So that’s what eight pounds of change looks like

Eight Pounds of ChangeI have an uncanny ability to collect staggering amounts of change in short order. Until recently, most of that change ended up scattered across my apartment: on the floor, on top of the fridge, in the cushions of my sofa, on top of the TV… you get the idea. Marisa put a stop to all of that (she demanded that I start putting my change in a bowl, before we were going out even! Shortly thereafter I started putting my change in a bowl).

I have collected just under 8 pounds of change.

I’ll wait as you read that again.

Yep, you read that correctly: 8 frickin’ pounds of change.

The question is, how much money does 8 pounds of change translate to? That question is difficult to answer since the mix of change can’t be determined (8 pounds of silver dollars, one imagines, would be worth more than 8 pounds of pennies), but it is still fun to guess! I’ll be cashing in my change tomorrow morning and posting the amount that I get in the afternoon.
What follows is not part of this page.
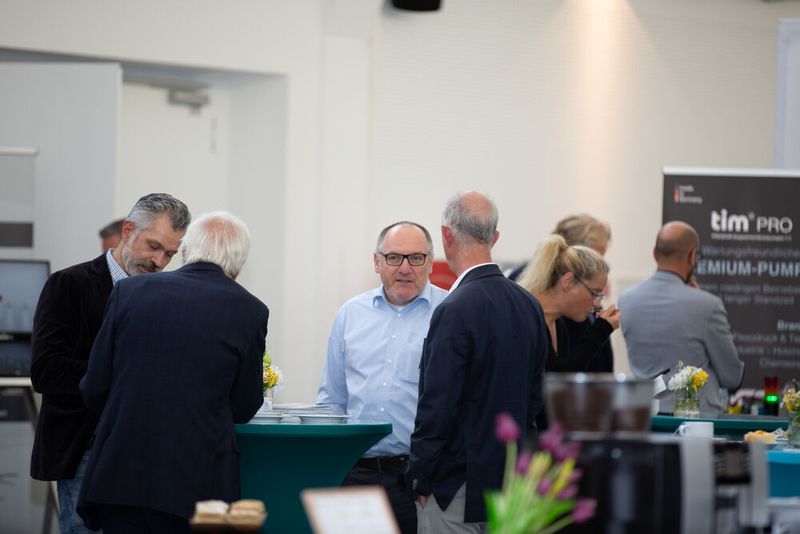 Ganz oben auf der Agenda - nicht erst seit dem russischen Überfall auf die Ukraine - das Thema Energie: Pumpen sind für 10-20 Prozent des globalen Strombedarfs verantworlich, sagen Experten. (Bild: Oxana Gruber Photography)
My guess is somewhere in the neighborhood of $85. Marisa says $23 (she so totally wrong). What do you think?


11 responses to “So that’s what eight pounds of change looks like”

  1. 8 pounds? I have more change than I can lift. Hmm. I should probably do something about that, especially since my bank has the free turn-worthless-change-into-functional-money machine.

  2. Can’t tell from that picture, it totally depends on quarter density. But 8 pounds in how long?
    I’ve got a vat of change that probably weights at least 40 pounds and will be paying for a significant portion of a new HDTV. I think that’s from about 2-3 years of incidental collecting.
    Also, DO NOT use CoinStar to convert it to cash. Find a Commerce Bank, which converts change without any fees or hand-rolling. They have branches in Philly.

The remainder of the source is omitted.